Calculating Quartiles Dilemma When I am calculating the lower quartile and

rmd1228887e

rmd1228887e

Answered question

2022-07-09

Calculating Quartiles Dilemma
When I am calculating the lower quartile and upper quartile, why am I taking (n+1)/4 and 3(n+1)/4, instead of n/4 and 3n/4?
According to me, if total number of observations are n, then that should be counted figuring out the quartiles, isn't it?

Answer & Explanation

ladaroh

ladaroh

Beginner2022-07-10Added 11 answers

You need to look at the definition of quartile you are using. For large n it will not matter much, but it appears the definition you are using is the datum that exceeds 25 % or 75 % of the data. The + 1 is there for the "exceed". Wikipedia gives three different definitions of quartile, with a data set that shows the differences.
rzfansubs87

rzfansubs87

Beginner2022-07-11Added 5 answers

Without a formula, you can always finding the first and third quartiles using two easy steps.
First, find the median of the entire set. Then divide the set into two subsets: elements that are lesser than the median, and elements that are greater than the median. (Note: if the median is repeated in the set, include the duplicates in these subsets.)
Now find the medians of these two subsets.
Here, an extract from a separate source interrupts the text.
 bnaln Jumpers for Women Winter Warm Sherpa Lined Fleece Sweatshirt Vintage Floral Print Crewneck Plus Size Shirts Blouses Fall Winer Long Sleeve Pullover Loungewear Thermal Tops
Those are the first and third quartile values.
Example 1, odd number of elements:
{ 1 , 3 , 4 , 4 , 5 , 7 , 8 }
The median is 4 (the second one), so the lower subset is { 1 , 3 , 4 } and the upper subset is { 5 , 7 , 8 }
The medians of those 2 subsets are 3 and 7. So the first quartile value is 3 and the third quartile value is 7.
Example 2, even number of elements:
{ 2 , 4 , 6 , 8 , 10 , 12 }
The median is 7, so the lower subset is { 2 , 4 , 6 } and the upper subset is { 8 , 10 , 12 }. So the first and third quartiles are 4 and 10, respectively.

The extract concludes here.